# Can't mount CD's or flash drives

## Featherfoot

Hello,

I have just rebuilt my system after a disk crash. I am running an amd64 system with kernel 2.6.34-gentoo-r6. It is mostly working but right now I have two moderately serious problems:

I can't mount CD's, and I can't mount flash drives.

When I try to mount a CD, I get the error message "an error occurred while accessing 'JC_2010_01_06', the system responded: mount: only root can mount /dev/sr0 on /mnt/cdrom.

I tried the old trick of doing a chmod a+rwx /dev/sr0 and chmod a+rwx /mnt/cdrom, but it didn't help. I also changed my login to add a bunch of groups to my account. I am not a member of  disk, lp, wheel, floppy, mail, console, audio, cdrom, video cdrw usb, users, portage, sshd cron ssmtp crontab locate apache messagebus lpadmin plugdev pulse-access pulse, mysql, postgres, ntp.
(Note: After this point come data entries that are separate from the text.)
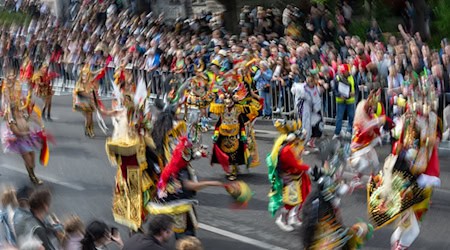 Die Veranstalter erwarten auch in diesem Jahr Tausende Besucher beim Karneval der Kulturen.  / Foto: Monika Skolimowska/dpa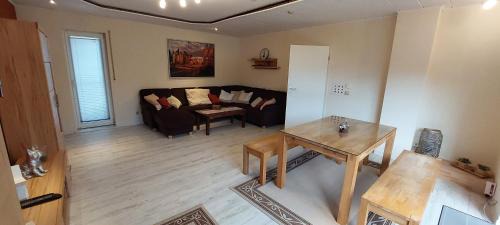 Godelheim Apartamento | Ferienwohnung MW 1b 82m2 Höxter Weserbergland Weser inkl 2 Terrassen Wäsche und Endreinigung Self CheckIn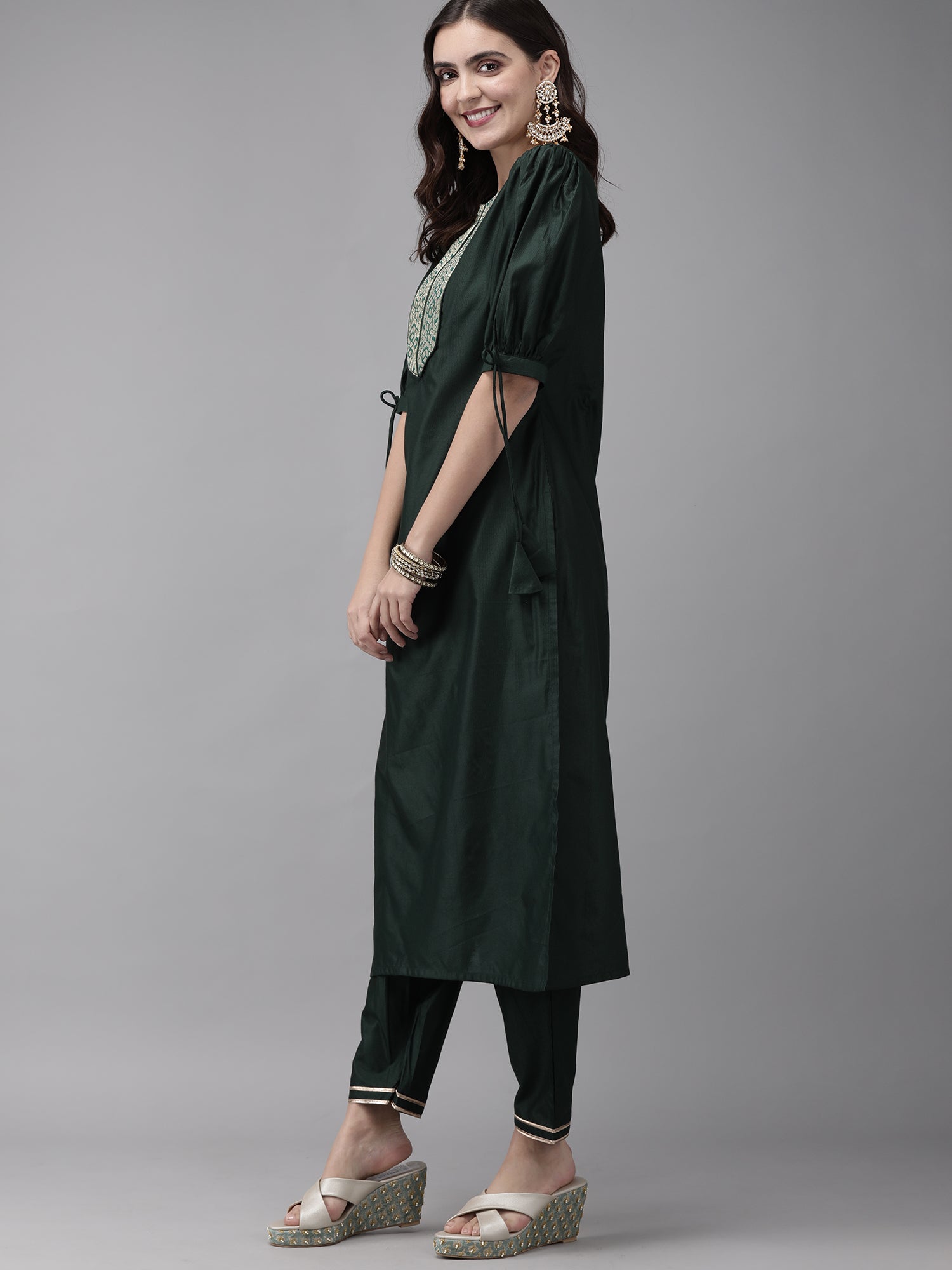 Women Green Solid Straight Kurta Trouser Set
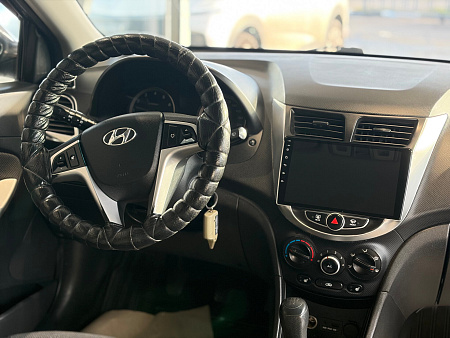 Hyundai Solaris 1.6 MT (123 л.с.), 2011 Hyundai Solaris 1.6 MT (123 л.с.), 2011 — купить в Нижнем Новгороде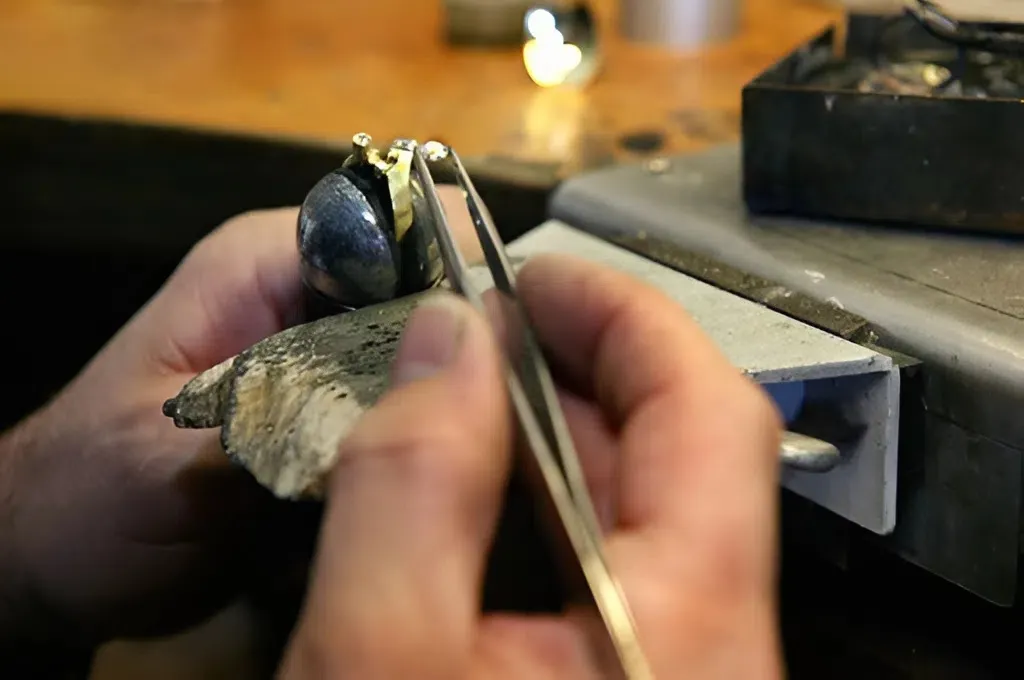 chế tác nhẫn cưới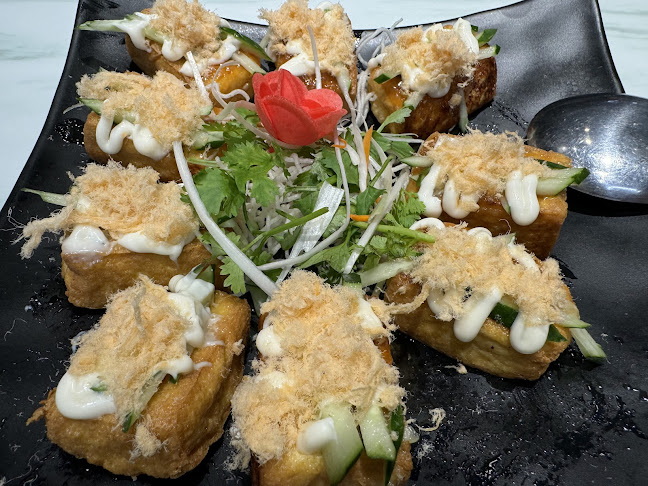 Wok Master Paya Lebar Square |Singapore Chinese Restaurant | Chili Crabs Curry Fish Head - Hospitality and gastronomy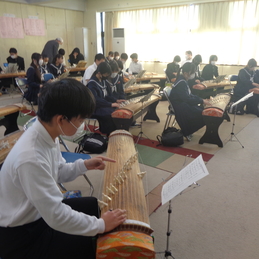 2年生　音楽　お箏の授業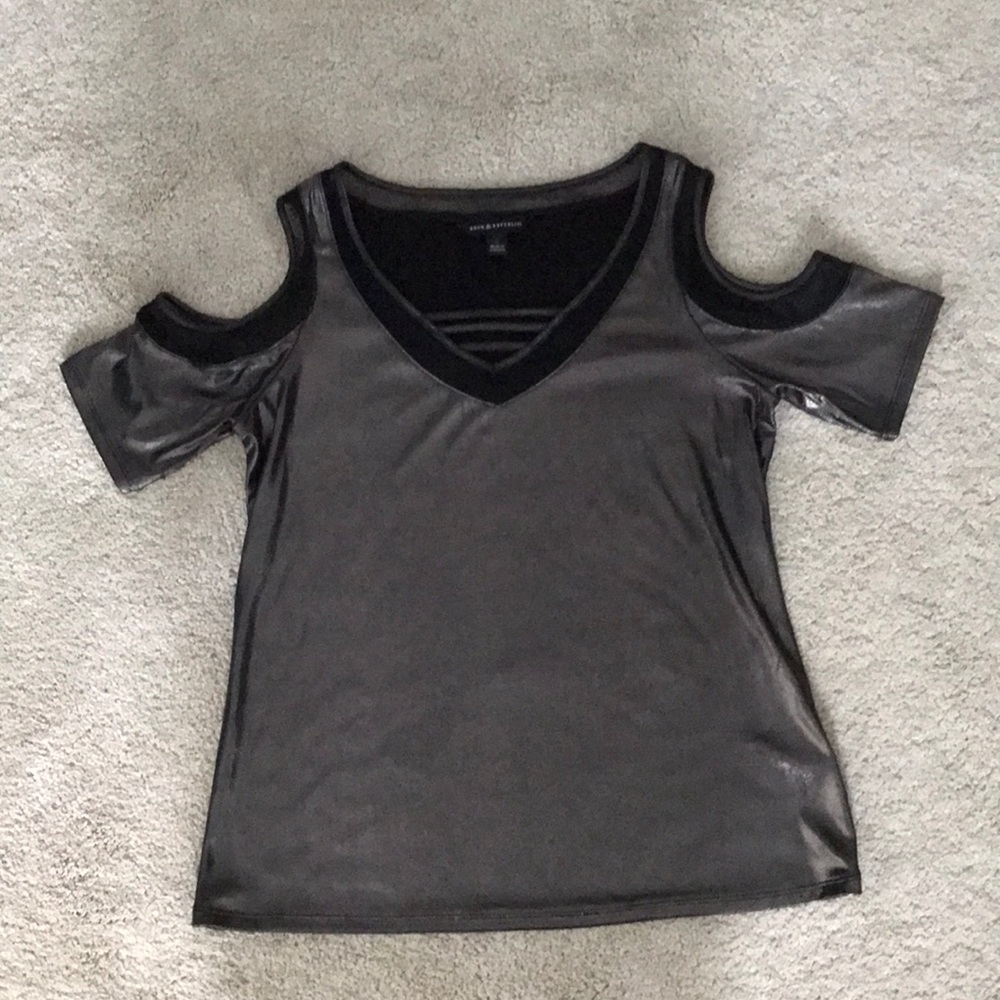 Rock & Republic cold shoulder top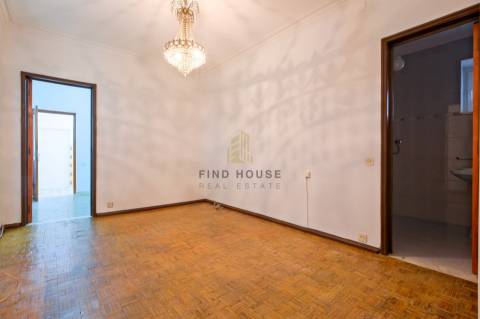 Apartamento T3 Duplex, com acesso a amplo Sótão com 69.60m2 em Vila Viçosa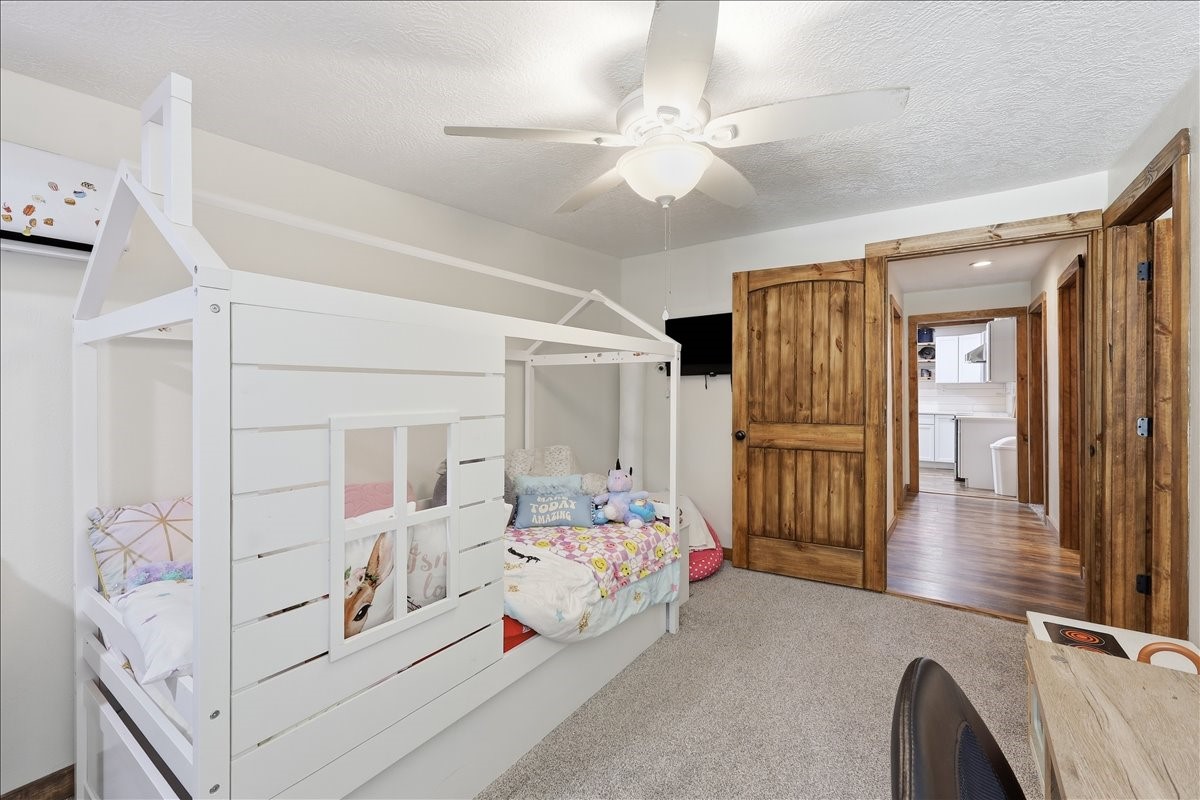 572 Spur 165 Property Photo 25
It didn't change anything.

When I try to read my flash drive, I get an error message: "An error occurred while accessing '488.1 MiB Removable Meddia'. the system responded org.freedesktop.Hal.Device.PermissionsDeniedByPolicy org.freedesktop.hal.storage.mount-removable no <--(action, result)

Both error messages are coming from the KDE 4.4.5 automounter.

I don't have any ideas what to try next.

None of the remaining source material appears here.